Pendant des années, Laurent Le Moigne a collectionné les étiquettes de bouteilles de vin. Depuis deux ans, il empile ses crus préférés sur les étalages d’une boutique où se mêlent moellons de pierre et décor urbain aux tons rouge et noir. Silhouette trapue, chaussures tendance, Laurent Le Moigne n’est pas un caviste ordinaire. En 2001, ce trentenaire au cheveu grisonnant endossait encore le costume trois pièces du dirigeant d’entreprise. La société de conseil dont il était co-fondateur et associé employait alors quelque 1500 personnes. "J’étais directeur général, responsable des activités internationales", raconte-t-il. Un poste enrichissant mais oppressant. "J’étais trop investi. Pendant dix ans je me suis dit "plus tard ce sera cool". Sans jamais rien changer".
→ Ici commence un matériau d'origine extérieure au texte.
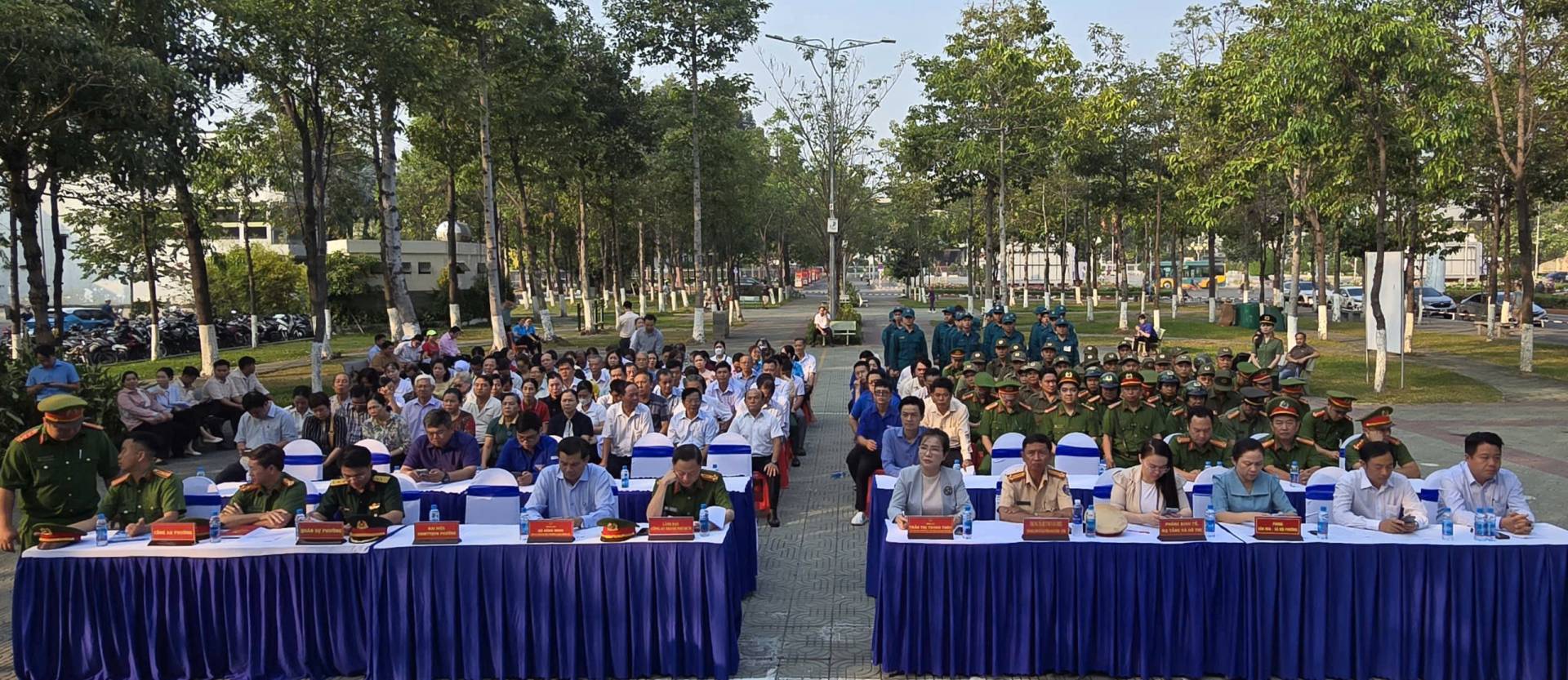 C&oacute; thể l&agrave; h&igrave;nh ảnh về b&agrave;n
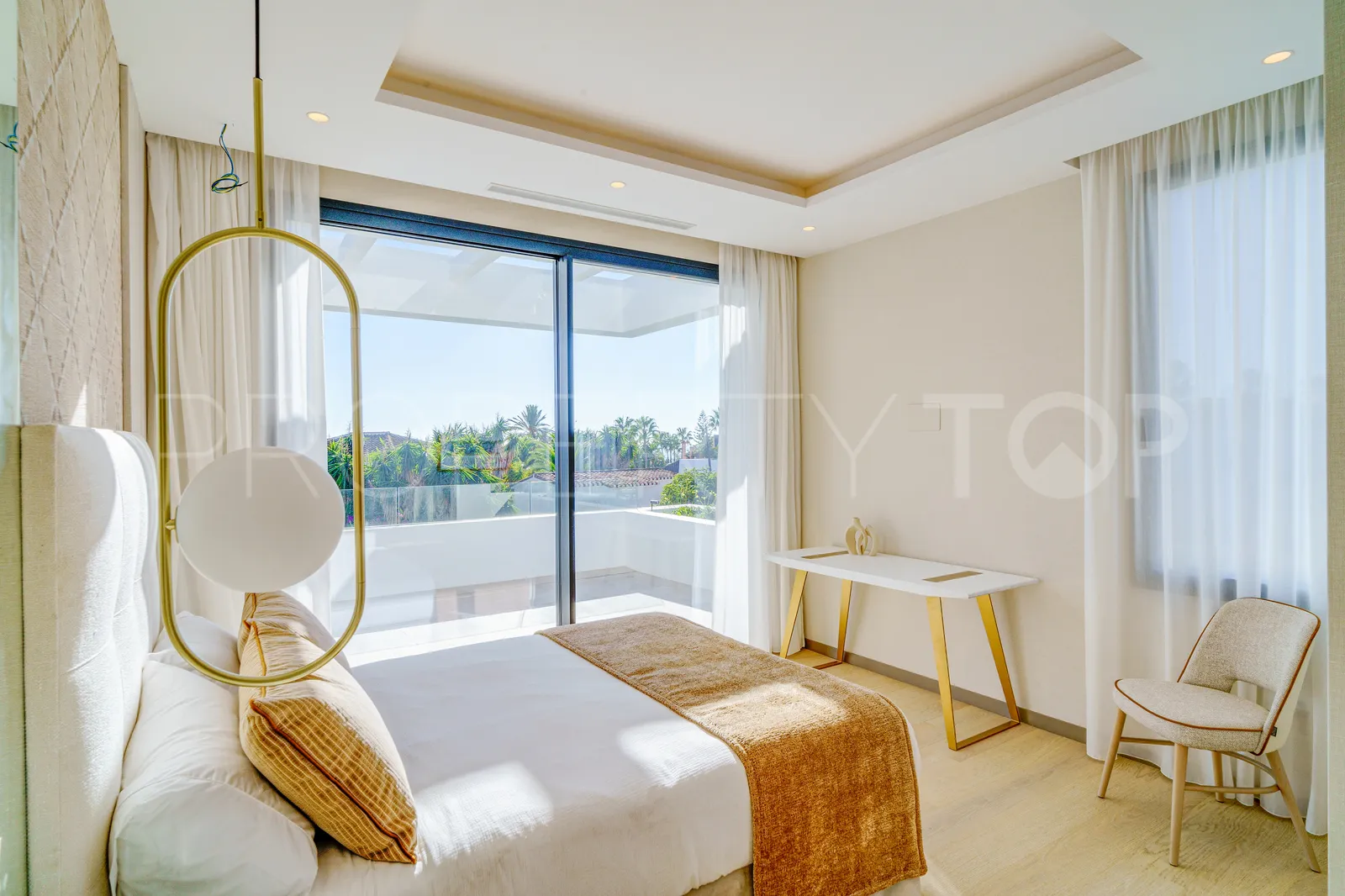 Se vende villa en Marbesa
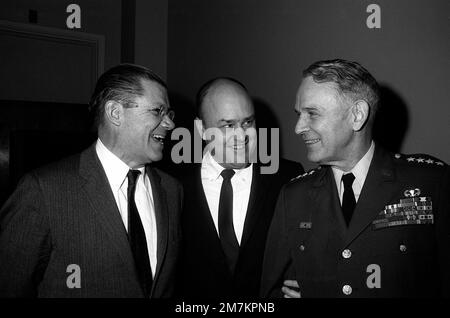 Le secrétaire à la Défense Robert S. McNamara, à gauche, s'entretient avec le représentant Melvin R. Laird (R-Wis) et GEN. Maxwell D. Taylor, États-Unis, Président, chefs d'ÉTAT-MAJOR interarmées, à droite, avant une réunion avec le Comité de la Chambre sur les crédits de défense au Capitole. Base: Washington État: District de Columbia (DC) pays: Etats-Unis d'Amérique (USA) Banque D'Images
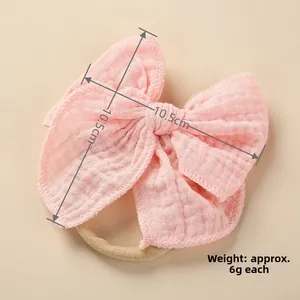Detailaufnahme des weichen Baumwoll-Stirnbands in Rosa mit Schleife und 10.5cm Durchmesser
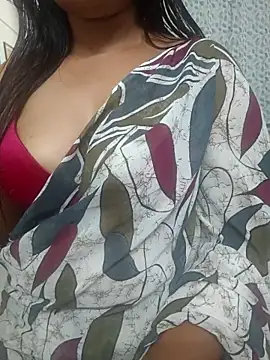 Snapshot of priya__sexxyy chatting on 03/09/26, 01:04 priya sexxyy online show from 03/09/26, 01:04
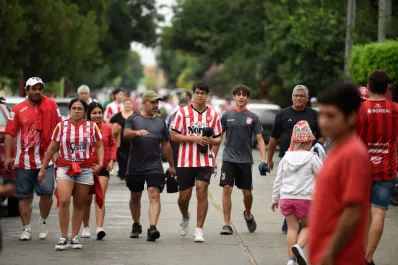 Ciudadela, el barrio que se tiñe de albirrojo cada vez que juega San Martín
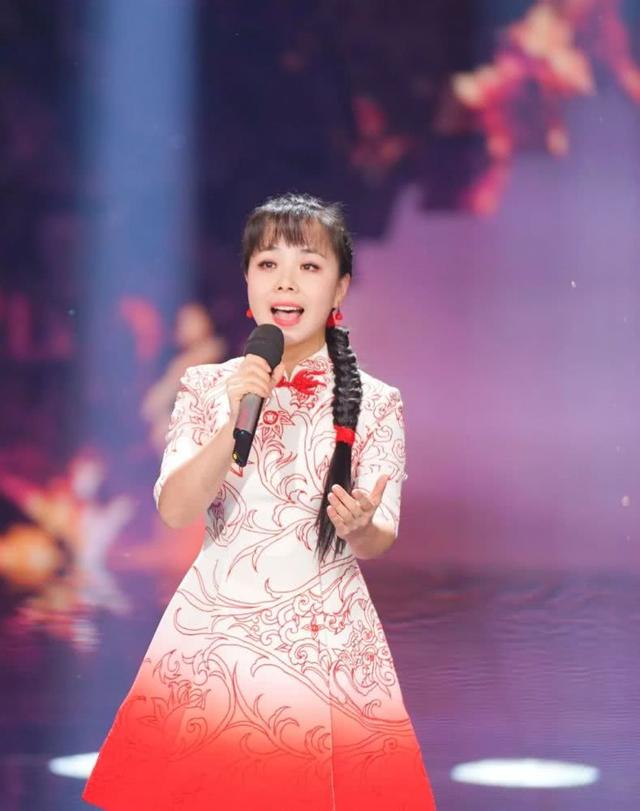 "草根歌手"王二妮和李飞结婚8年,她初心不改,他却像换了个人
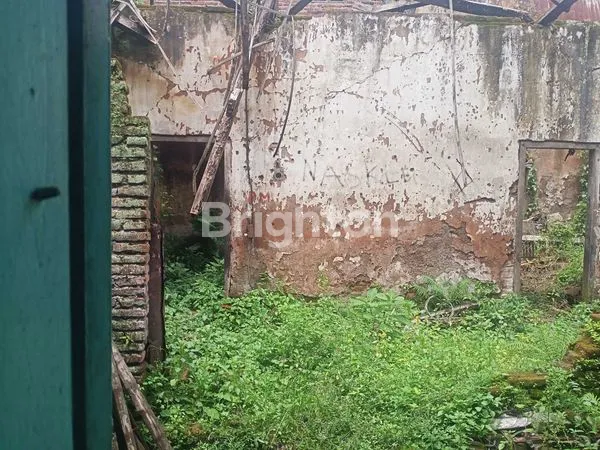 image RUMAH HOOK ANTIK DI SULFAT (8)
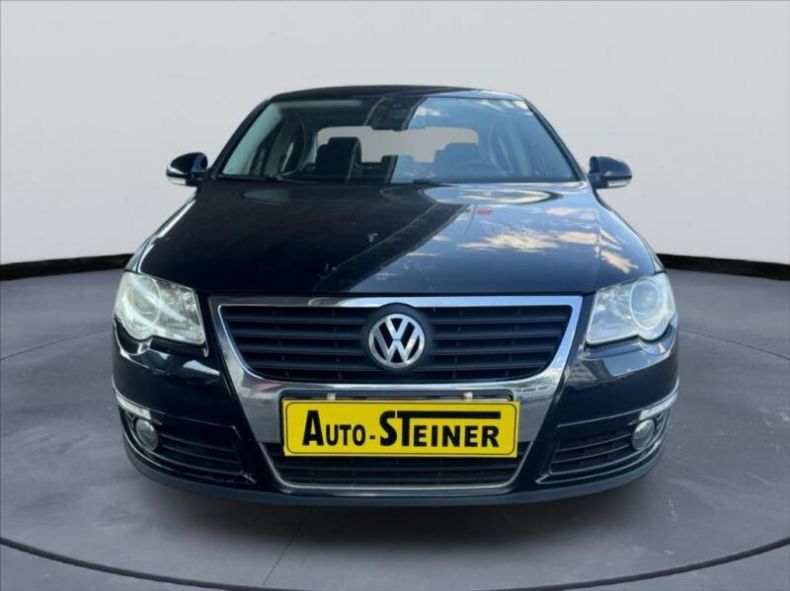 Volkswagen Passat - hlavní fotka inzerátu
Si l’ampleur du phénomène reste difficile à évaluer, le cas du directeur général devenu caviste n’est pas isolé. "La plupart des dirigeants que je connais ont envie de changer de vie, assure Alexandre Noto, le président du cabinet de recrutement Concerto. Tous me disent leur rêve d’ouvrir un restaurant à vins ou une librairie de livres anciens. Ils me confient leur ras-le-bol du stress et de la pression". Contraints de faire avec une norme à laquelle ils ne souscrivent pas toujours, les dirigeants paient leur trajectoire par un renoncement à la fantaisie. D’où, parfois, un malaise. "On peut avoir une vocation pour la musique ou la peinture mais je ne connais personne qui se dise "j’ai envie de monter une entreprise qui fabrique des couches-culottes et de manager 3000 salariés". A la tête d’une entreprise on est dans schéma logique, pas dans une démarche hédoniste", observe Alexandre Noto.
Marc Durin-Valois plaque tout et disparaît. "J’étais sans domicile fixe. Je squattais à droite à gauche en considérant qu’il me fallait m’affranchir du monde matériel. Je n’avais plus de liens sociaux, plus d’amis ni de famille". Au volant d’une épave il erre. Fait une halte à l’Espace des possibles, camping de Charente-Maritime rendu célèbre par Michel Houellebecq, "un endroit où se rencontre toute une génération de personnes en rupture". Puis se lance dans l’écriture, deux ans de travail en vivant d’indemnités chômage. L’empire des solitudes paraît en 2001, suivi de trois autres ouvrages, dont Chamelle et, dernier en date, Les voix intérieures. "Aujourd’hui je construis ma carrière dans un domaine nouveau. Ce genre de rupture permet de revenir à ce pour quoi on est fait", insiste-t-il.